Boyhood Is Essential, Historic, Among Year’s Best

I under-described Richard Linklater‘s Boyhood (IFC Films, 7.11) in my initial Sundance review. Calling it “a mild-mannered thing, and yet obviously a mature, perceptive, highly intelligent enterprise” didn’t quite get it. No film in the history of motion pictures has ever delivered Boyhood‘s scope, concept or ingredients — the lives of a young Texas kid (Ellar Coltrane) and his sister (Lorelei Linklater) and their divorced parents (Ethan Hawke, Patricia Arquette) filmed over 11 or 12 years. So it’s really quite special and, yes, historic in that it captures stage-by-stage growth and aging and the usual surges and setbacks, but it’s also quite well done in each and every way. It’s never less than expert; never less than intriguing or astute or resonant. And yet it’s fair, as I stated last January, to call it “a remarkably novel, human-scale, life-passage stunt film.”

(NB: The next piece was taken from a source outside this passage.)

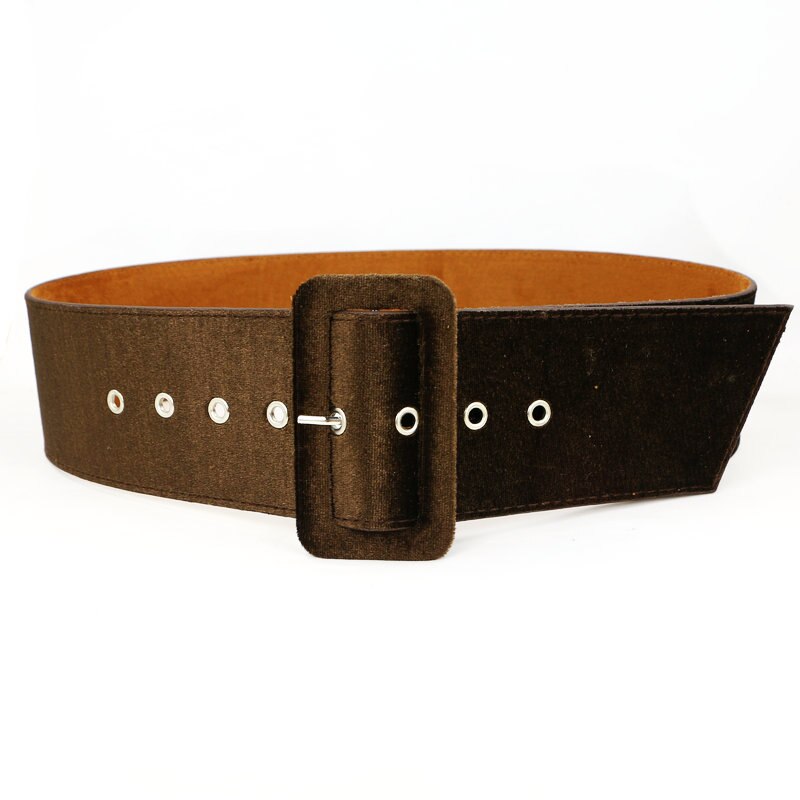Ceinture Punk Rock pour femmes, avec boucle ardillon argentée, large, pour robe de soirée, en flanelle noire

Boyhood grows on you like anything or anyone else that you might gradually get to know over a long stretch, and yet the 160 minutes fly right by. The long-haul scheme naturally gets in the way of what most of us would call a riveting drama. A film of this type is not going to knock you down with some third-act punch. It drip-drip-drips its way into your movie-watching system.